The Best Tool for Freezing Ground Beef: A Rolling Pin
I weigh out portions of ground meat and then move it to a freezer zip-top bag. The quart-size bags are perfect for a half-pound of meat, while the gallon-sized bags are great for one-pound portions.
Then before sealing the bag, I use a rolling pin to gently, but firmly, flatten the meat to 1/2-inch thick. Resist the urge to roll the pin back and forth as you would for rolling out cookie dough; you want to still see the striations of ground meat. Press out any excess air and seal the bag. Transfer to a freezer and lay flat until frozen, then stand the bag up or stack for space-saving storage. If you have a vacuum sealer, you can use this same technique with the bags specific to your machine.

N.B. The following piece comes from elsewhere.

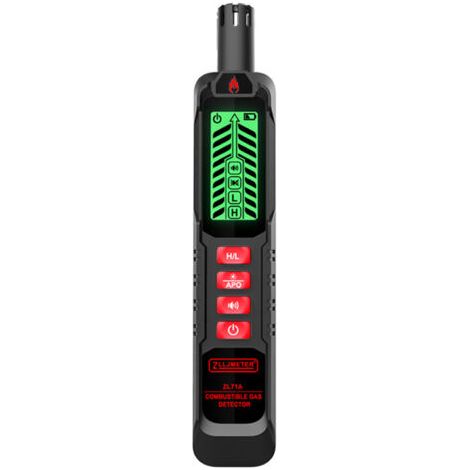 Détecteur portable fuites gaz combustibles, testeur fuites gaz naturel, analyseur concentration gaz portable, testeur gaz avec alarme sonore et lumineuse,de dyk.Trywise (1/4)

Air Is the Enemy of Frozen Meat
If the meat is exposed to too much air in the freezer, it will lead to freezer burn or dehydration in the freezer. Although it is safe to eat freezer-burned meat, the color and flavor may be off-putting. Flattening the meat in a freezer zip-top bag expels much of the air that would damage the meat while making smart use out of limited freezer space.

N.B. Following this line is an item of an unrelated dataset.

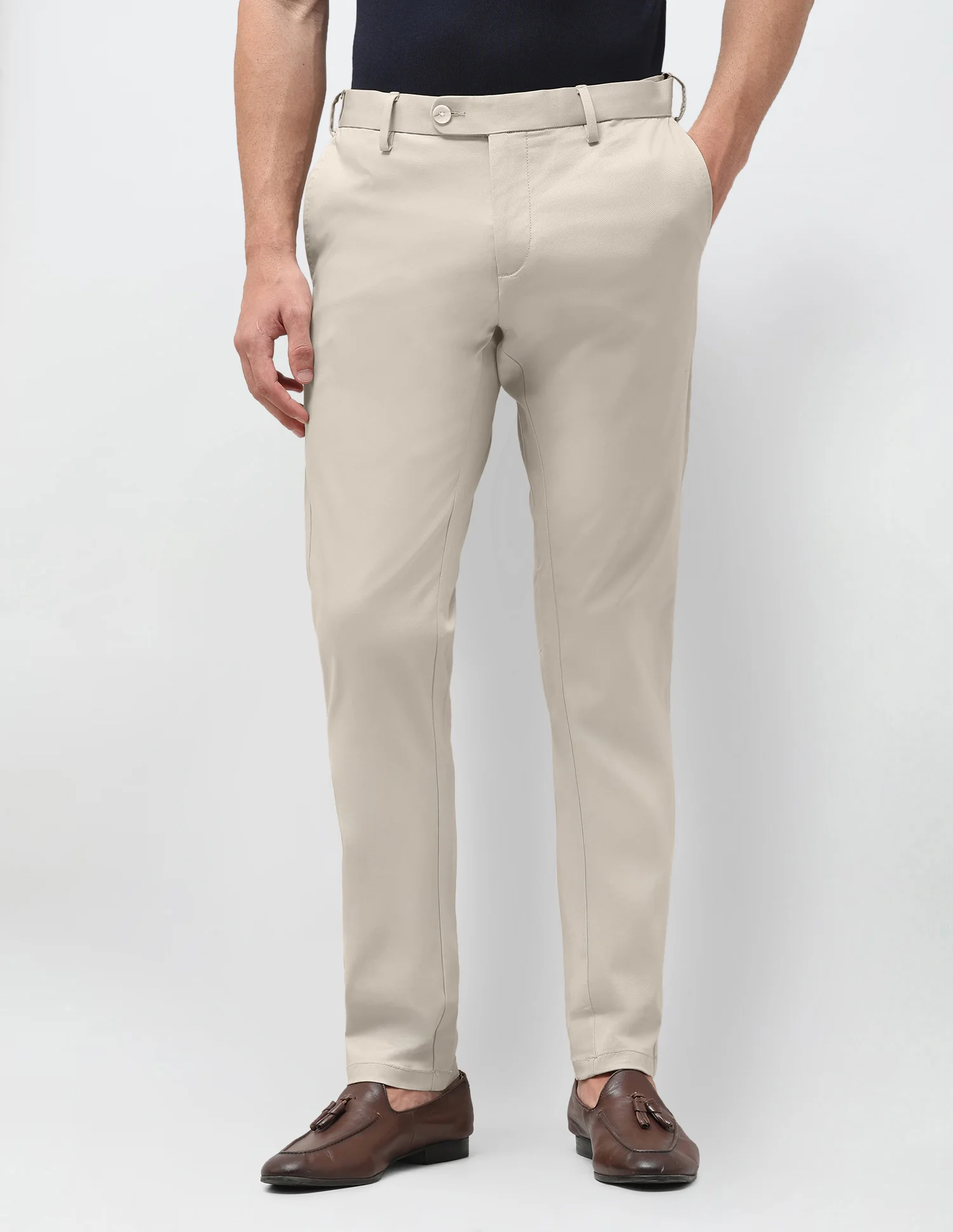 Denver Slim Fit Twill Trousers - Image 6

Freeze Flat for a Faster Thaw
The final bonus of freezing ground beef flat is that it defrosts much more quickly than the thick hunk you brought home from the store. More surface area means a quicker thaw and less time to bring dinner from freezer to table. You can defrost ground beef in any number of ways; a bag of flat frozen ground beef will thaw in the refrigerator in under two hours or in the microwave in less than five minutes. But my favorite way to defrost is to transfer the bag from the freezer to a large bowl in the sink. Let cool water slowly drizzle over the meat, and in five to 10 minutes, your meat will be recipe ready.

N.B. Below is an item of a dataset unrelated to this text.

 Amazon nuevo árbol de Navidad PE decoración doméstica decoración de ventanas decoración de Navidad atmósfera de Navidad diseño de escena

A Few of Our Favorite Ground Beef Recipes
How To Freeze and Defrost Ground Beef
What You Need
Vacuum sealer and bags (optional)
Quart- or gallon-size freezer zip-top bags
Heavy weight, such as a can of beans or tomatoes
- To freeze ground beef. Remove the meat from the store packaging. Divide into 1/2- or 1-pound portions. These are amounts that are standard for most recipes. If you have a vacuum sealer, this is the time to use it. Otherwise, place the portions in separate freezer zip-top bags. Use a quart-size bag for 1/2-pound portions and a gallon-size bag for 1-pound portions. Use a rolling pin to firmly and gently flatten the meat to 1/2-inch thick. You should still be able to see the texture of the ground beef. Press all of the air out of the bags and seal. Use a permanent marker to note the date, cut of ground beef, and weight. Lay the bags flat on a freezer shelf. Once frozen, stack the bags or stand them vertically for long-term storage.
- Three ways to defrost ground beef.
Defrost in the refrigerator. Place the zip-top bag with the frozen ground beef on a plate and move to the bottom shelf of the refrigerator. The meat will thaw in 1 to 2 hours. Cook or refreeze within 2 days. Ground beef that has been kept out of the danger zone (40°F to 140°F) during the thawing process can be refrozen safely, although some textural or flavor changes may occur.
Defrost in the microwave. Place the zip-top bag with the frozen ground beef on a plate. Use the defrost setting on your microwave to defrost for 3 to 4 minutes, turning halfway through. Microwave wattages differ so use these times as a guideline for your appliance. Cook the meat immediately, as some parts of the meat may have begun cooking during the defrosting process. Do not refreeze raw meat thawed in the microwave.
Defrost in cool water. Place the zip-top bag with the frozen ground beef into a large bowl. Cover with cold water and use a heavy weight, such as a can of beans, to submerge the meat. The meat should thaw in 5 to 10 minutes. Cook immediately. Do not refreeze raw meat thawed in cold water.
- Storage: Freeze fresh ground beef within 2 days of purchase. Freeze for up to 4 months. Do not refreeze raw meat thawed using the microwave or cold water methods.